Olaylara dürbünün tersiyle bakanlar, gerçeği tam anlamıyla göremezler.

                Dürbün, baktığınız cisim ya da olay neyse, onu yakınınıza getirip daha net görmenizi sağlayan alettir.

                Tersinden bakarsanız; olayı ya da cismi uzaklaştırır, görüntüyü flulaştırır, net olarak görme imkânınızı ortadan kaldırır.

                Bu günlerde bazı mahfillerde tam olarak böyle bakışlar var. Şaşı bakışlar.

                Türkiye Barolar Birliği Başkanı, Başbakanın “ne hak yere pek çok insan günahsız şekilde yatıyor” diye açıkladığı mazlumların yeniden yargılanmaları adına inisiyatif alıp bir şeyler yapmaya çalışıyor, bazı kalemşorlar ve muhalefet tersten bakma alışkanlığı ile bu güzel girişimi akamete uğratmak için ellerinden geleni geri bırakmıyorlar.

                Kimileri kıskançlıkla, kimileri meseleyi tam olarak anlamayarak…

                CHP’nin içindekileri anlayabiliyoruz. Prof. Feyzioğlu, kamuoyunda yıldızı parlayan bir isim. Gün gelir, CHP’nin başına geçerse oradaki saltanatlarının bozulacağından endişe edenlerin karşı çıkması bir bakıma anlaşılabilir de, kendi milletvekili içeride olan diğer muhalefet partisi liderinin nesine itiraz ettiği pek anlaşılamayan bu girişimi sabote etmeye çalışması tuhaflıktan öte bir tuhaflıktır.

                Girişimin sahibi, yapılacak düzenlemenin 2012 Temmuzu itibariyle olacağını üstüne basa basa açıklamasına rağmen, “sen caniyi affettirmek için uğraşıyorsun” ithamının dillendirilmesi, her meseleyi böyle anlıyorlarsa “yazık ki ne yazık!” cümlesiyle izah edilebilecek bir durumdur.

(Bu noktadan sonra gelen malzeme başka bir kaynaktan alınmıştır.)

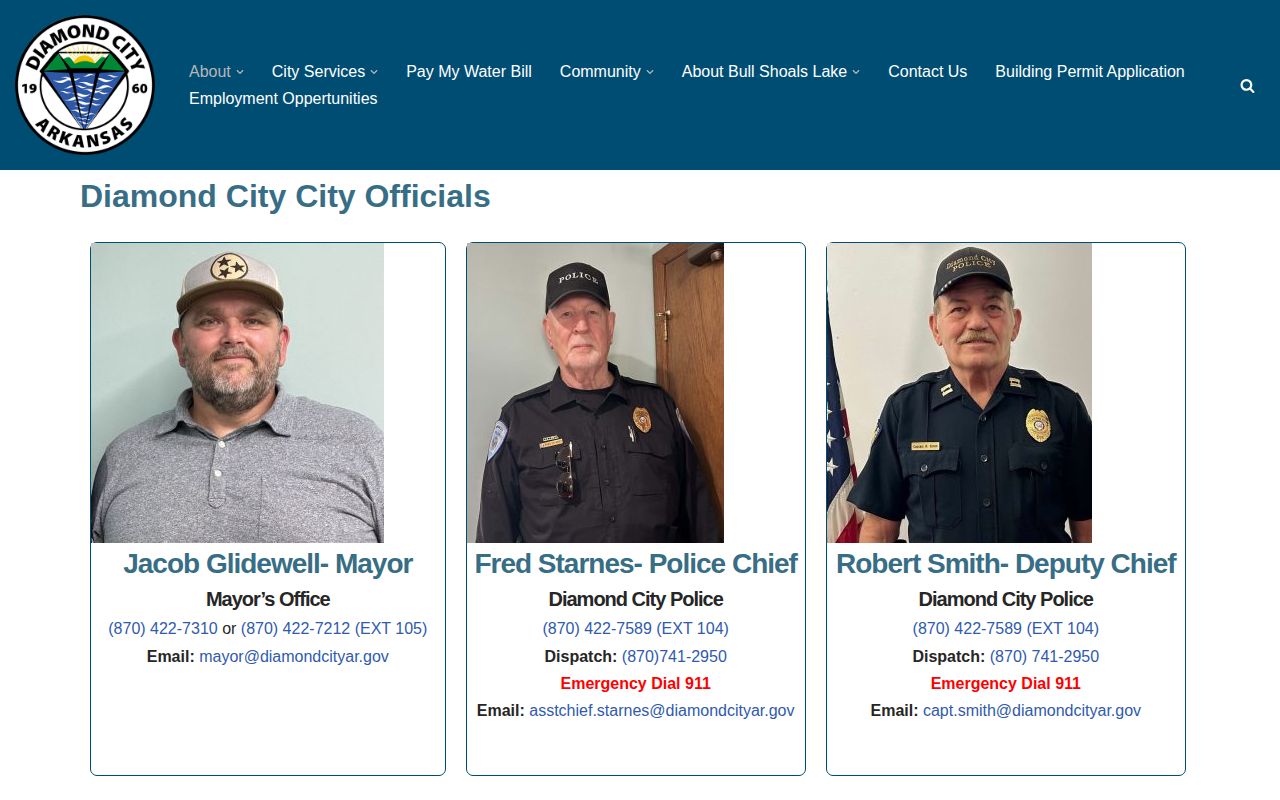 Diamond City officials page showing police contact information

                Su, yatağına girmişse onu tersine akıtmak mümkün değildir. Muhalefetin ve yardakçı kalemşorların anlamadığı budur. Prof. Feyzioğlu çıktığı yolda başarılı bir yürüyüşle hedefine doğru ilerlemektedir. Bu, ister parti liderliği, ister Cumhurbaşkanlığı olsun. Halk, bu genç hukukçuyu tutmuştur, onu yalnız bırakmayacaktır. Umarız, çalışması hedefine ulaşır; içerideki masum insanlara yeniden yargılama yolu açılarak toplum vicdanındaki kanama durdurulmuş olur.

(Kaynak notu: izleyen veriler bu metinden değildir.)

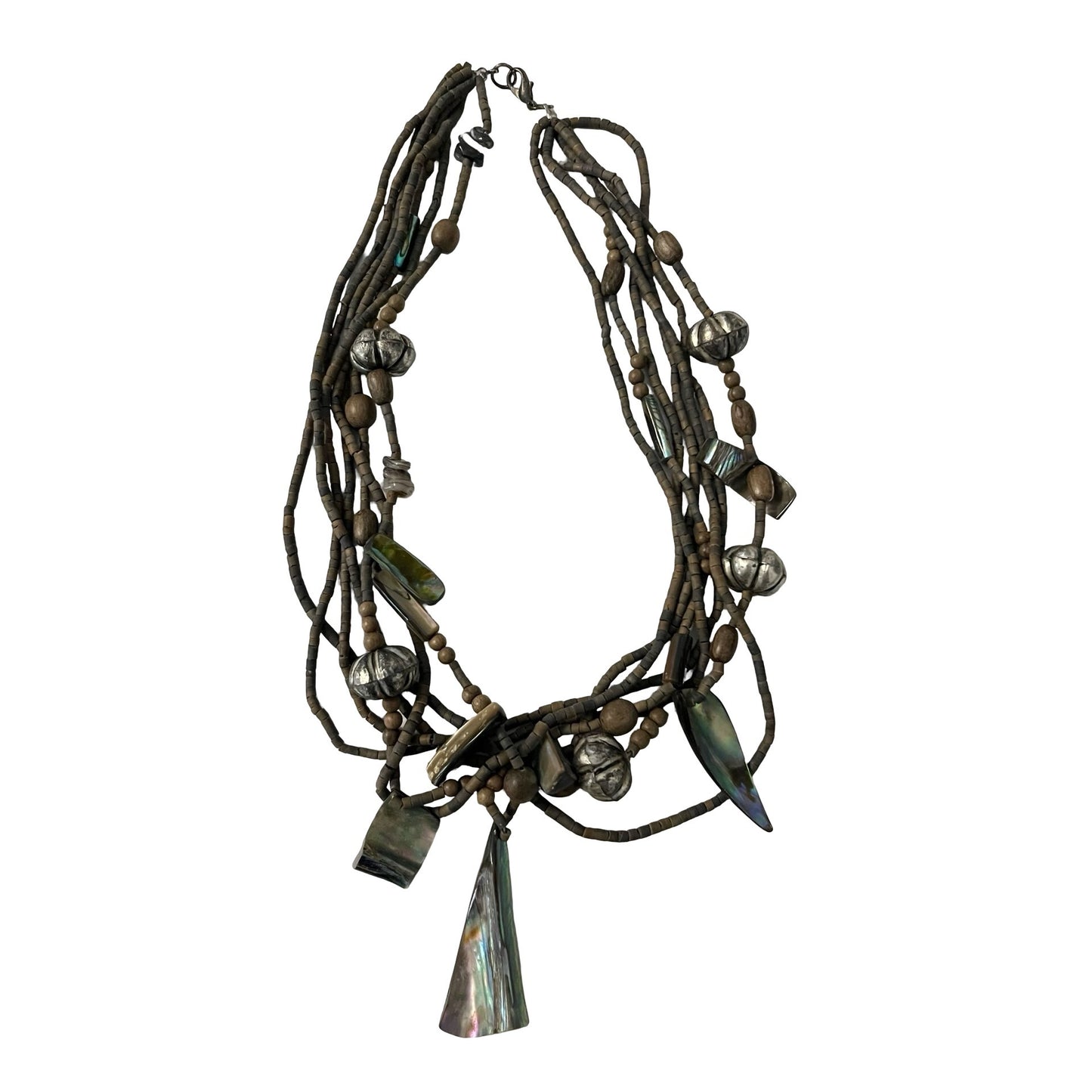 Multi Strand Abalone Shell Necklace Organic Beaded Tribal Boho Statement 16 Inch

                Gelelim öteki bakışlara:

                Savcı Öz Ergenekon davasında altına zırhlı araba çekilecek kadar önemli bir figür,

                Bir başka davada işi mahduml ara ve bakanlara kadar uzatınca ipi çekilecek savcı. Nitekim öyle oldu. İstanbul Başsavcı vekilliğinden alınıp Bakırköy’e ışınlandı.

                Gerçi o da boş durmayacağını açıklayıp, Başbakan hakkında suç duyurusunda bulunacağını bildirdi ya, sonrası ne olur, onu da bekleyip göreceğiz.

                Başbakan, bütün bu olumsuzluklara “iyi niyet”ini sonuna kadar muhafaza etmeyi tercih eder pozisyonda, haklarında rüşvet ve yolsuzluk iddiasında bulunan kimseleri “ak”lamaya devam ediyor.

                Mesela, Zahrap denen İranlıyı “hayırsever bir iş adamı” diye savundu. Nasıl bir hayırsever olduğu ise dağıttığı iddia edilen rüşvetlerin çapıyla ortada.

                Gazetelere yansımış bir başka hayırseverliği daha var ki “ikinci gavas vakası” olarak ti’ye alınıyor.

                Bazılarına eskort servisi yapmış, servisin nasıl yapılacağına kadar da detaylar vermiş. “Siz oturacaksınız, onlar seçecek” diyerek…

                Hayırseverliğin bu kadarına pes!

                Sadece o mu? Evinde istiflenmiş dolarlar çıkan banka müdürü de “dürüst” bir insanmış. Üstelik imam hatipliymiş. Bu paralar da imam hatip yapımı için istiflenmiş!

                Durup duruken bir de TIR meselesi çıktı başımıza. TIR’ın aranmamasını Başbakan istemiş! Durum gerçekten bu ise Lahey Adalet Divanı’na kadar gidebilecek vahim bir iddia. Bu yönde yorumlar bile yapılıyor.

                Dürbünün biri de Suriye’ye odaklanmıştı. Oradan Davutoğlu bakıyor, gördüğünü Başbakana anlatıyordu. Belli ki ona da tersinden bakmışlar. İki hafta ömür biçtikleri Esat iki yılını doldurdu, kendi gidişleri hızlanıyor. Üstelik,sınırımızda bir de El-Kaide devleti kurulmuşken…

                Tersten bakmanın bir ceremesi de bu olmalı.